Im Winter bleibt die Heliconia in ihrem Quartier, wo es ja immer mild bis warm ist. Über Frostschutz müssen wir also nicht sprechen. Bei der Überwinterung oder besser der Winterpflege der Hummerscheren kommt es zusätzlich darauf an, dass ihr die Wasser- und Feuchtigkeitsversorgung reduziert. Die Helikonie kommt im Winter mit weniger Licht aus, sollte aber dennoch hell stehen. Wenn das Winterlicht am Standort der Hummerschere zu gering ist, sollte ein Pflanzenlampe eingesetzt werden. 

Schnitt und Schädlinge

Da die Pflanze nicht verholzt, könnt ihr Helikonien problemlos schneiden.
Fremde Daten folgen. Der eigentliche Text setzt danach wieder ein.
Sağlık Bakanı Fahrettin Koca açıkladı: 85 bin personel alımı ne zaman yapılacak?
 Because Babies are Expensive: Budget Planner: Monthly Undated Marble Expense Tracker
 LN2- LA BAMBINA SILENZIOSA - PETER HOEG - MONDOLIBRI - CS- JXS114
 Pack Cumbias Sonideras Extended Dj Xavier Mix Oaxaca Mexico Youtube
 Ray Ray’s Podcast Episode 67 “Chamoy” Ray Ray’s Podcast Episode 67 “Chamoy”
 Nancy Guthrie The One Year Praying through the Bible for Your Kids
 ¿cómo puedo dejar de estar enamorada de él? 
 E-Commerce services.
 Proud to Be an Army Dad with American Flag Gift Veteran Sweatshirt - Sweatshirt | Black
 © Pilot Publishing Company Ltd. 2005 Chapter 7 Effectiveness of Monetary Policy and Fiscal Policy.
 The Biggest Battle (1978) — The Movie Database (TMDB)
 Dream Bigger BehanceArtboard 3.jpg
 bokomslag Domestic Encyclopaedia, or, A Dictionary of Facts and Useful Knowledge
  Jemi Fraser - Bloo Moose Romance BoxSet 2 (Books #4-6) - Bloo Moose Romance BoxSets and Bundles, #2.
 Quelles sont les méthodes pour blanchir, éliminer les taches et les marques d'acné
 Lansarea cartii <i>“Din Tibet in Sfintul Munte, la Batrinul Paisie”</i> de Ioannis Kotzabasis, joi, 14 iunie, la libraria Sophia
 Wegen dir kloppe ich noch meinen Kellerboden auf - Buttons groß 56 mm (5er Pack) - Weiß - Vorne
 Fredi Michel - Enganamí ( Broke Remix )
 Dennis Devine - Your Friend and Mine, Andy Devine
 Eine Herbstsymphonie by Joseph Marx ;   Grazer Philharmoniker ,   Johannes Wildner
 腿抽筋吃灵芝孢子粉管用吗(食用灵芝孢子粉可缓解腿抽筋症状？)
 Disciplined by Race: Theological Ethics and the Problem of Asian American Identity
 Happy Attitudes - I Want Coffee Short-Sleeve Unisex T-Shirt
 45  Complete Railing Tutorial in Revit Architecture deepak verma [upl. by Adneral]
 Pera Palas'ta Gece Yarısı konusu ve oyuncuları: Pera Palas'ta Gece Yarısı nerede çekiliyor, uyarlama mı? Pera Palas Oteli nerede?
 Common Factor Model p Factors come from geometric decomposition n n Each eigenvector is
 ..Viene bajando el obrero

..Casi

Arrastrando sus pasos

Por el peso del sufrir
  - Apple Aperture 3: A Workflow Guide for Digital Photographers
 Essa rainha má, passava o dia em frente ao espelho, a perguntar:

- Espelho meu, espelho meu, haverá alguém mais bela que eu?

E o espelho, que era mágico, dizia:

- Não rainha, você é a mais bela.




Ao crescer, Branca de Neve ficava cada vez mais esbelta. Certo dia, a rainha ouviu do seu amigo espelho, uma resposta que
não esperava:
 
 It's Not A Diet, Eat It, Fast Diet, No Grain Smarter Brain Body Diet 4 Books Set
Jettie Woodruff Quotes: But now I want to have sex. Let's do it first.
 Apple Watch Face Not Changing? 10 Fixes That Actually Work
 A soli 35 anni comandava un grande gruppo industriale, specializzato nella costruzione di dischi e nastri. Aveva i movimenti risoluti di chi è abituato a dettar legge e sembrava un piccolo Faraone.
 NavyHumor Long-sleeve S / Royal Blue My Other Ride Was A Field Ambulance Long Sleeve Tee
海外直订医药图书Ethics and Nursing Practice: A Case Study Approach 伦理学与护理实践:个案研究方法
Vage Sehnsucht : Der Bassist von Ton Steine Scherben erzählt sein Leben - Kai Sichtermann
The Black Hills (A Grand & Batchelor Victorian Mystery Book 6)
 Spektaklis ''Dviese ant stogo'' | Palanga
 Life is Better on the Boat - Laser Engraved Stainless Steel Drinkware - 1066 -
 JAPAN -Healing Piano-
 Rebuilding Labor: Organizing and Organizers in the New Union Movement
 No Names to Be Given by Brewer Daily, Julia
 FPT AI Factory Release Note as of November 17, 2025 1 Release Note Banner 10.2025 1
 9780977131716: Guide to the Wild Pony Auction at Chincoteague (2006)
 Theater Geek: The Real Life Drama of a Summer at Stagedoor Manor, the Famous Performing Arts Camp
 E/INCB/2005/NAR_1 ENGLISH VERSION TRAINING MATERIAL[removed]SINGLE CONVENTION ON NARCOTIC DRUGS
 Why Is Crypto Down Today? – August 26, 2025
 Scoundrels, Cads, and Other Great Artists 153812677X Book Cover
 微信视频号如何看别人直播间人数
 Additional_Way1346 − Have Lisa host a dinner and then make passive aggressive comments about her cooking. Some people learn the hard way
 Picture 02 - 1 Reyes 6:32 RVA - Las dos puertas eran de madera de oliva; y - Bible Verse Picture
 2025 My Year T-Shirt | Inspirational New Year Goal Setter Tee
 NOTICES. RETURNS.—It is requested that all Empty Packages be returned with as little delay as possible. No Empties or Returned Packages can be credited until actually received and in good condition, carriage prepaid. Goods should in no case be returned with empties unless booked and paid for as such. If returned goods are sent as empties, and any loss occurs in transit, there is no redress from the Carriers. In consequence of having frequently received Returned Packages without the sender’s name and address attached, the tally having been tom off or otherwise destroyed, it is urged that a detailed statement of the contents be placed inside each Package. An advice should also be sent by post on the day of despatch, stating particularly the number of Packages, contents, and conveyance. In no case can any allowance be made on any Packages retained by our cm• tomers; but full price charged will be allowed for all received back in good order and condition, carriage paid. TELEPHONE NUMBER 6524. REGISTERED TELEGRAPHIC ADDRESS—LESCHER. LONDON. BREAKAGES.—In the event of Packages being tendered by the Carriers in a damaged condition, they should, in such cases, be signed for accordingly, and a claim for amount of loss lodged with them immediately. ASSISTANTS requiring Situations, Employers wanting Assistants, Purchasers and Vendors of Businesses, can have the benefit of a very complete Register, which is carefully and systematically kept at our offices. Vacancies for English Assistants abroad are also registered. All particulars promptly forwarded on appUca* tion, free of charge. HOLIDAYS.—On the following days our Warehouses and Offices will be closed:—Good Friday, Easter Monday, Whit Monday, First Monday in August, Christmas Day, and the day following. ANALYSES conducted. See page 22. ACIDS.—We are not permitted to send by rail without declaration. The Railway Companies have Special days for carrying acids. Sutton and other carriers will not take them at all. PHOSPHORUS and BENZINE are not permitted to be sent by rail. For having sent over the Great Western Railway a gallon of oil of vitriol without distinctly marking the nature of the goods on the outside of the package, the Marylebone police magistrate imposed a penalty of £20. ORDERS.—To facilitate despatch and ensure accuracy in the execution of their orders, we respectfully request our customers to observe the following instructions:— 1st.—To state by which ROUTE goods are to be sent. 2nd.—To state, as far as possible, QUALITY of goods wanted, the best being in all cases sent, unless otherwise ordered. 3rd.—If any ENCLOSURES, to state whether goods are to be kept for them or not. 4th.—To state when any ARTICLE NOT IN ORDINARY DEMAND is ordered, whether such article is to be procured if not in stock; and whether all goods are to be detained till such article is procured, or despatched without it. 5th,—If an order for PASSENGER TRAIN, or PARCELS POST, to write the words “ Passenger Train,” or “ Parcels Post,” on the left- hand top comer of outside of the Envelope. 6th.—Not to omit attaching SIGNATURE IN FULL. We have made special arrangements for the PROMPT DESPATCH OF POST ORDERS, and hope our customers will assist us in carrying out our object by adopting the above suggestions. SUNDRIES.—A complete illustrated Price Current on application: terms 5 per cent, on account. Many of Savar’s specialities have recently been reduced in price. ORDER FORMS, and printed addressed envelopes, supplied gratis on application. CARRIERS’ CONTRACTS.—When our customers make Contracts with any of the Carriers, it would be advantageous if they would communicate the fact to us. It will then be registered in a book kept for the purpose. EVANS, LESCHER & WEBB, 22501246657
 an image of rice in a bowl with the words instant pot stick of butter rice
Man entfernt alle abgestorbenen oder ansonsten beeinträchtigten Pflanzenteile. Das können z.B. auch durch Schädlinge befallene Blätter sein. In Frage kommen Woll-und Schildlläuse sowie die Rote Spinne. Allerdings sollte eine regelmäßige Schädlingskontrolle ein rechtzeitiges Eingreifen bei Schädlingsbefall ermöglichen, so dass ein Abschneiden von Blättern die ultima ratio bleiben sollte.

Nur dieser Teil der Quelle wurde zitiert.